SALT LAKE CITY — As training camps open around the state this week, each of the college football teams has high expectations – and downright lofty in one case – but none begin practice without significant issues.
Let’s start with the best program:
Utah ushers in camp with the highest of expectations, to the point of practically bordering on the impossible to exceed. With the possibilities of qualifying for the Rose Bowl or even making the four-team playoff, the Utes almost have nowhere to go but down.
From the defensive perspective, Utah is as good as anybody in the conference and belongs in the discussion among the best nationally. The only negative is the apparent departure of Penn State transfer Manny Bowen, who was slated to start at linebacker.
To meet the incredibly high aspirations, the Utes will need the offense to be at its best since beginning Pac-12 play eight seasons ago. Years of ample evidence exists, even with most of the skill players returning, to wonder if this season’s version will be good enough.
Needing to replace two starters, the offensive line is the biggest area of concern. For all the big-play ability that quarterback Tyler Huntley and running back Zack Moss possess, nobody can do much of anything without adequate protection and blocking.

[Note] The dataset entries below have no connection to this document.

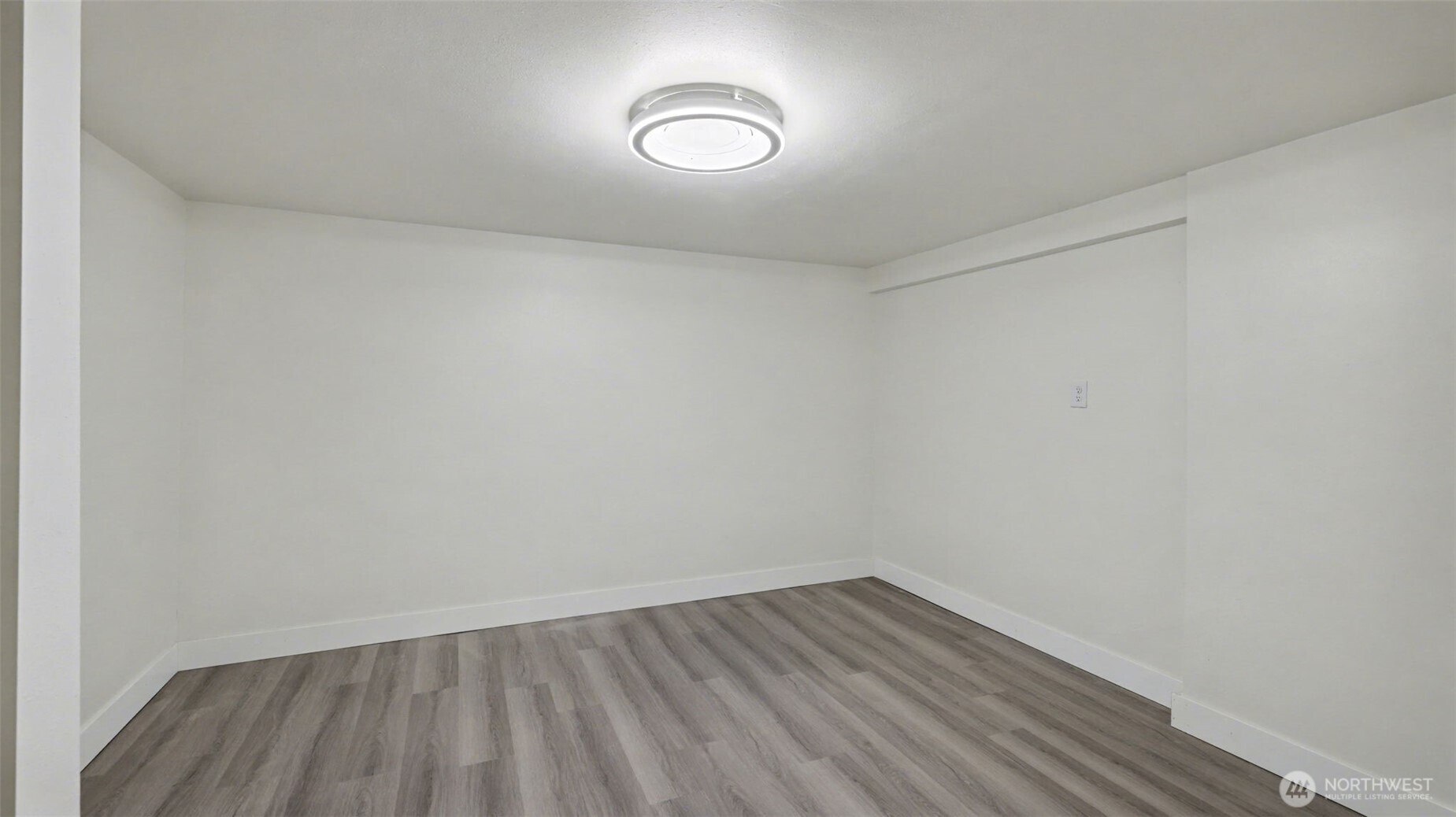 13909 4th Avenue NE Seattle WA 98125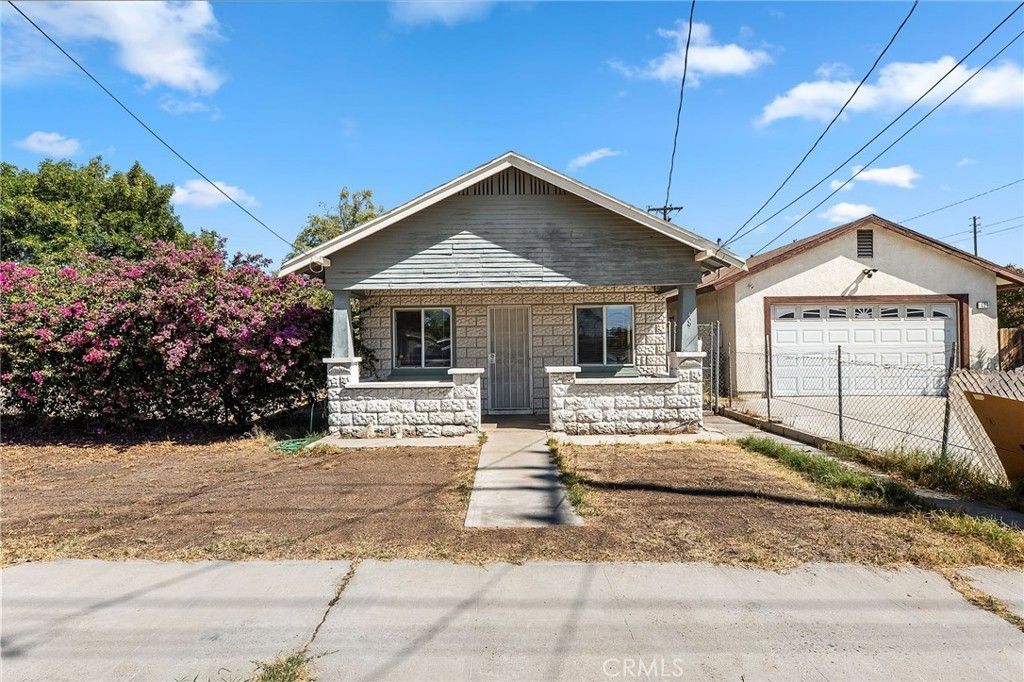 409 W L, Colton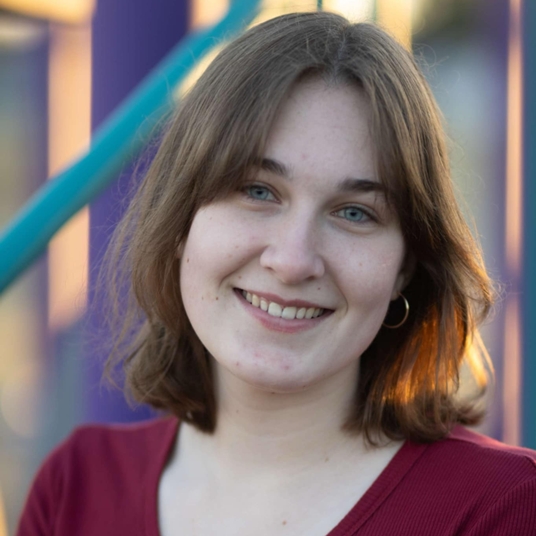 Emma Twedt head shot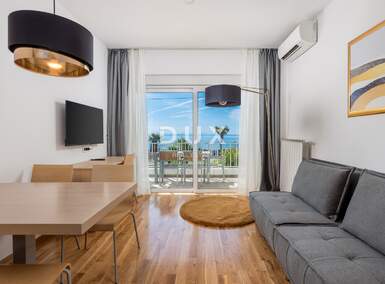 Dvosoban stan, Opatija, Ičići, najam, 850 €, 46 m2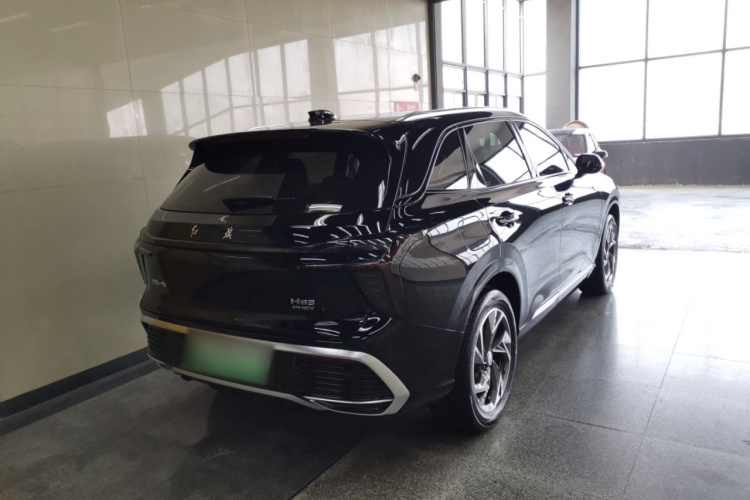 红旗HS3 PHEV 2024款 PHEV 115km 劲为版车身外观7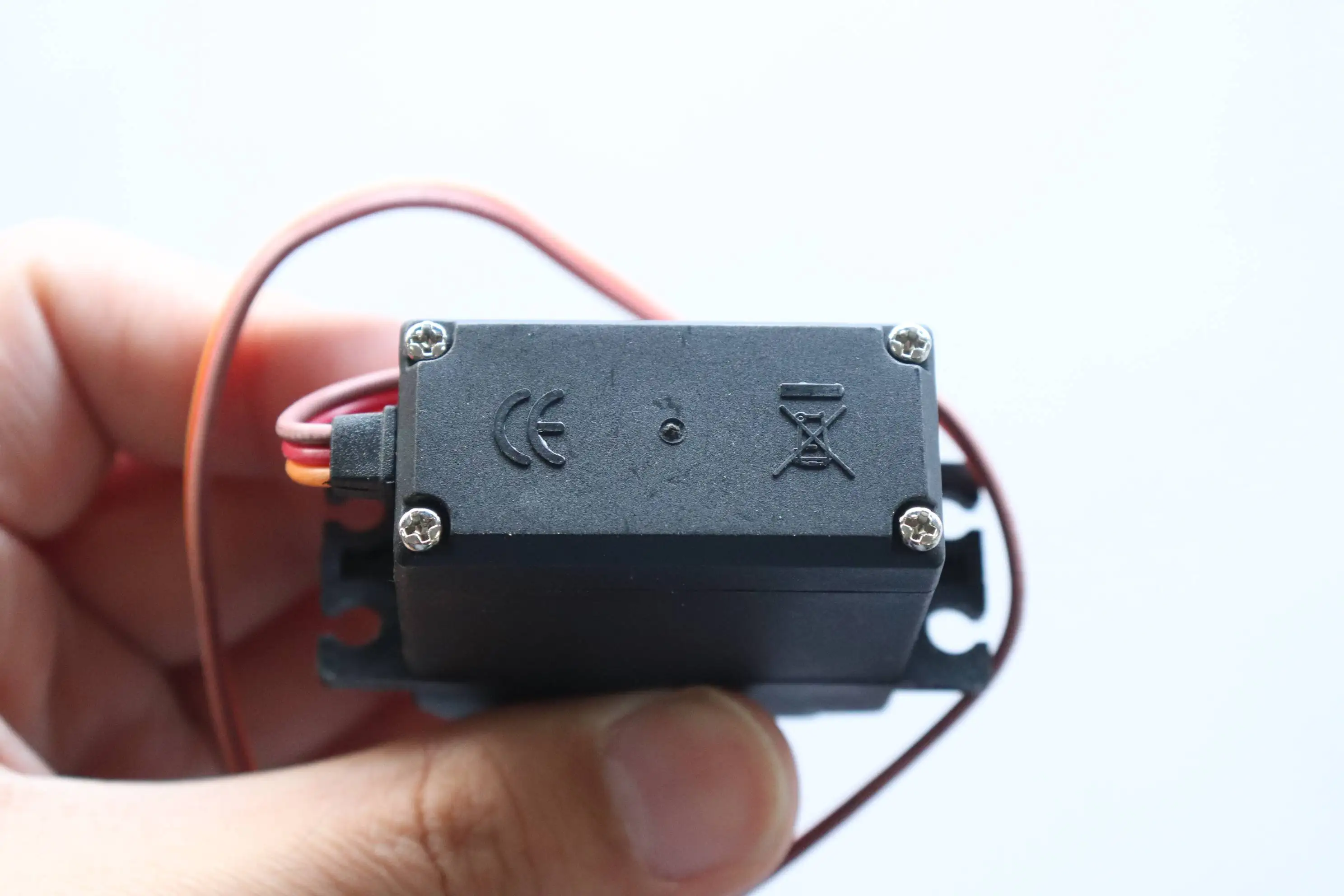 Высокий крутящий момент стандартный сервопривод для Futaba S3003 RC для автомобиля, самолета Лодка вертолет по всему миру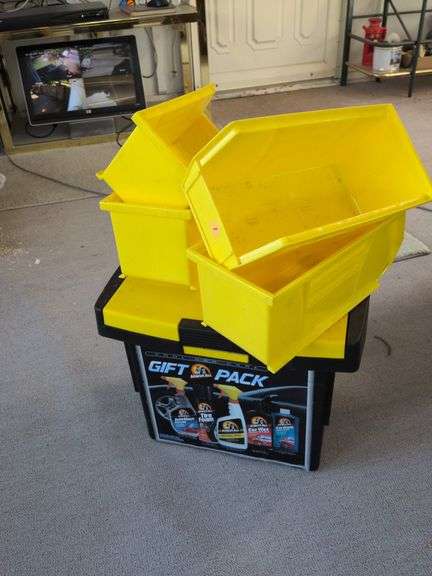 Igloo Storage container and organizers image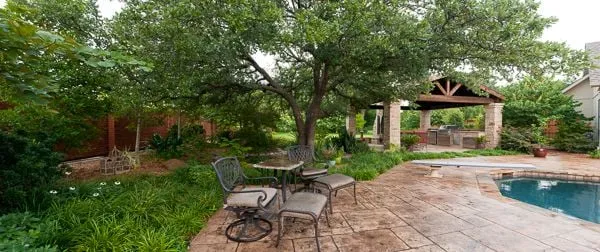 Affordable landscaping services in Dallas, TX by Roundtree Landscaping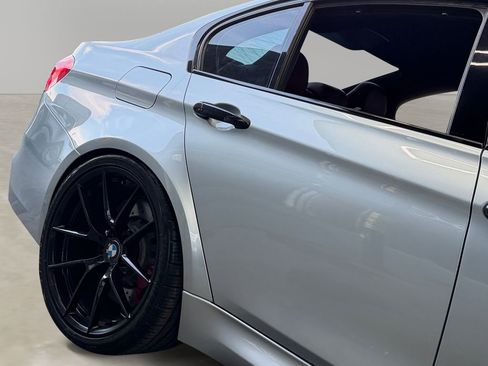 Used 2017 BMW M3 image 29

Last season’s offensive line, which included NFL draft pick Jackson Barton, got dominated by likes of conference power Washington. It’s hard to imagine this year’s unit will be better.
The receiving corps needs to be much improved over recent seasons. Aside from the diminutive Britain Covey, who is still working through injuries, this group drastically underachieved. Finishing ranked 11th in passing yards in the conference, as the Utes did last season, won’t lead to Pasadena on Jan. 1.
Finally, good luck in replacing kicker Matt Gay, who was absolutely brilliant the last two seasons.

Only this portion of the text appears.